For bilingual research, parallel corpora are an essential language resource. For the Slovene language, so far the only available parallel corpus has been the one released on the TELRI CD-ROM [Erjavec et al. 1998], which comprised Plato's Republic and the MULTEXT-East corpus [Erjavec and Ide1998]. The MULTEXT-East corpus derives most its value from the fact that it contains parallel texts in many languages, and is heavily annotated; the markup includes document structure, together with quotes and sentences, disambiguated lemmas and morphosyntactic descriptions of its words, and alignment of sentences with the ones from the English original. To facilitate the reusability of the corpus, it is annotated in accordance with international recommendations for written text corpora targeted towards language engineering research, in particular the Corpus Encoding Specification, CES [Ide1998]. While the encoding of MULTEXT-East corpus is such that it is suitable for further processing, annotation and exploitation, the parallel English-Slovene part nevertheless consists of only one novel-length text, Orwell's '1984'. While the text is without doubt interesting, this English-Slovene 'corpus' is very limited both in size and variety.

The European Language Activity Network (EU MLIS project ELAN) provided an opportunity to somewhat remedy this lack. Our contribution to ELAN was, in part, to collect and annotate a 1 million word Slovene-English / English-Slovene corpus and make it widely available as a standardised dataset for bilingual language research on the Slovene language. The corpus contains fifteen recent texts, from interesting areas of text production. The texts and corpus encoding have been chosen so as to have minimal restriction on further use, so they can be made widely available as a standardised dataset for bilingual language engineering research.

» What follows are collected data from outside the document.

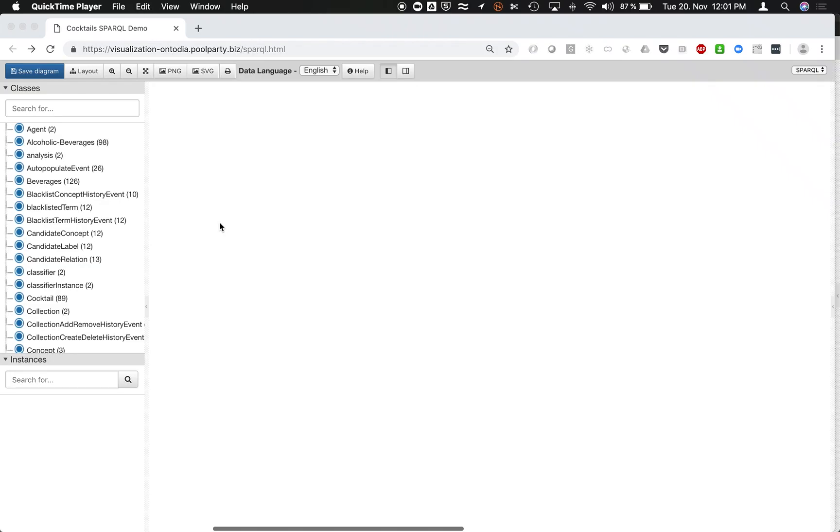Hello, this is a short video about a graph visualization tool which makes use of a graph built with PoolParty Semantic Suite. In this example, we are going to look at a graph about cocktails.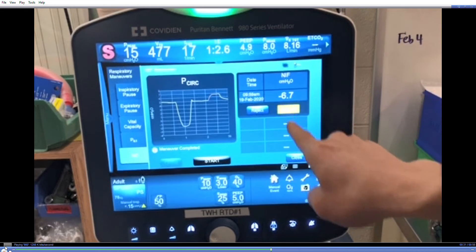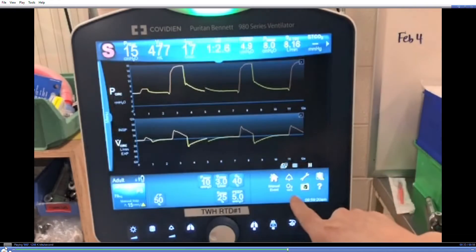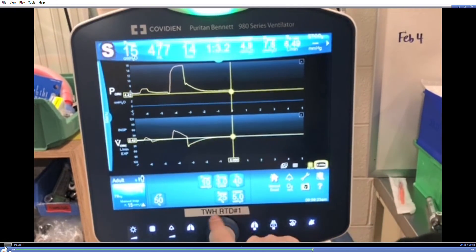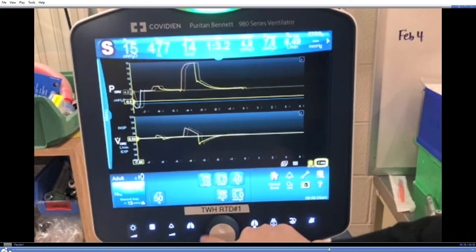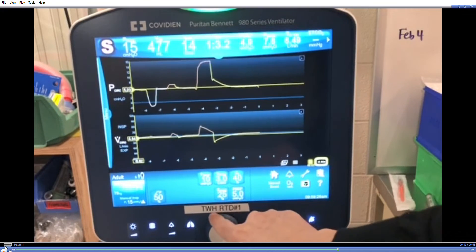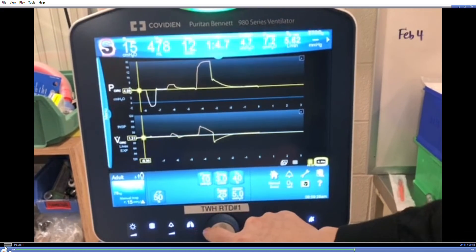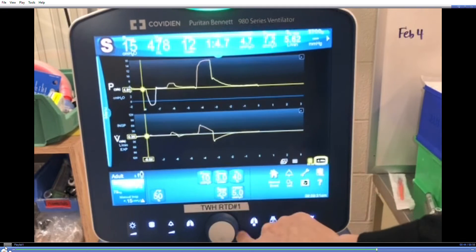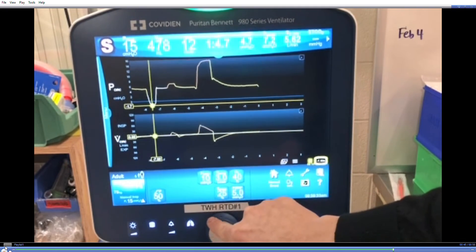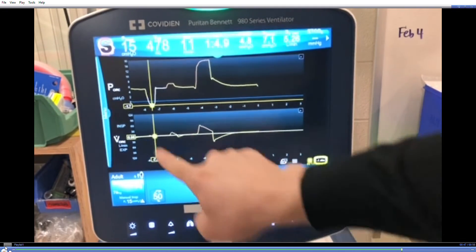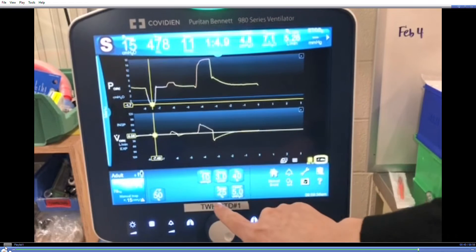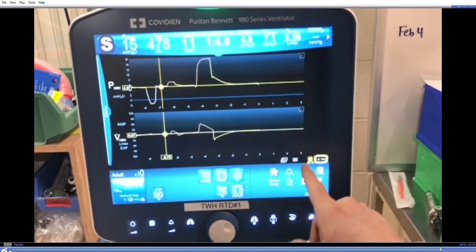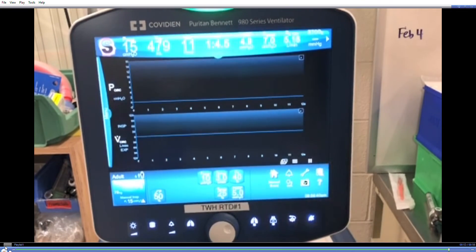To measure the first effort, close the maneuver screen, pause the waveforms, and scroll back to the first effort. Look at the baseline at PEEP — in this case, it's 4.9 — and the trough, in this case negative 1.7. This gives you the total magnitude of the PEOC being 6.6. Don't forget to unpause the waveform.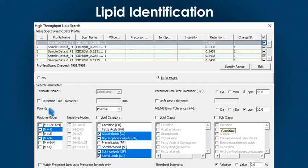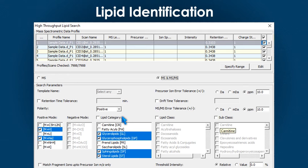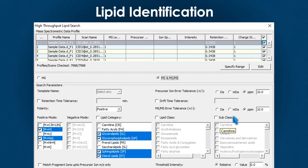Depending on the polarity, positive or negative adducts are available for selection. Similarly, one or more lipid categories, classes, or subclasses can be selected for the search.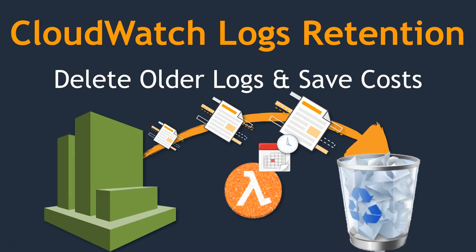If you have a lot of applications, Lambda functions, or containers running in your account, all of them will be sending the log information to the CloudWatch log group. And by default, all this information will be retained for an indefinite period of time.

The article is structured as follows: Section 2 reports on the corpus compilation project and the processing issues involved. Section 3 presents the 15 component texts of the corpus. Section 4 turns to the digital storage and annotations of the corpus. Section 5 gives conclusions and direction for further work.

Making of the Corpus

The project operated under tight time and labour constraints, so it was imperative to maximise the results by minimising the most costly steps in the production process. These include obtaining permission of the copyright holders to use the texts for the purposes of the project, obtaining the digital originals of the texts themselves, converting, segmenting and aligning the bi-texts, tokenising the texts, converting to a standard format and writing the text and corpus headers.

Rather then acquiring the texts and converting, segmenting, aligning and, especially, hand-validating locally, these tasks were performed by external collaborators of the project. From the language departments at the University of Ljubljana, Andrej Skubic was responsible for governmental texts that are available on the Web, while Spela Vintar acquired RTF texts from the Office of the Government of the Republic of Slovenia for European Affairs. Both also performed conversion from source format and the segmentation and alignment. The software used was Déjà Vu, a commercial translation memory program, which offers an interactive alignment environment. Roman Maurer was the translator as well as the aligner of the book 'Linux Installation and Getting Started', which was already annotated in SGML. For conversion and alignment he, of course, used GNU programs. The other texts were, apart from being available, chosen because they were seen to fit in with the overall scheme of the corpus. Various methods previously used in the MULTEXT-East project, e.g., the Vanilla aligner [Danielsson and Ridings1997] have been used for the segmentation and alignment of these components.

This first step produced predominately ASCII bi-texts, stripped of original markup, with aligned segments represented side-by-side in a simple tabular form. These bi-texts were then normalised on the character level and remnants of formatting cleaned up via Perl filters. We thus obtained aligned bi-texts in a common format, which are missing all structural information above the translation unit segments, e.g., divisions and paragraphs, and all formatting below this level, e.g., boldification and font changes. This approach loses information from the originals, which is considered bad, but it has certain advantages. The conversion process is fast, the resulting structure is simple and it protects the copyright of the text, by making the original texts difficult to reprint on the basis of the corpus.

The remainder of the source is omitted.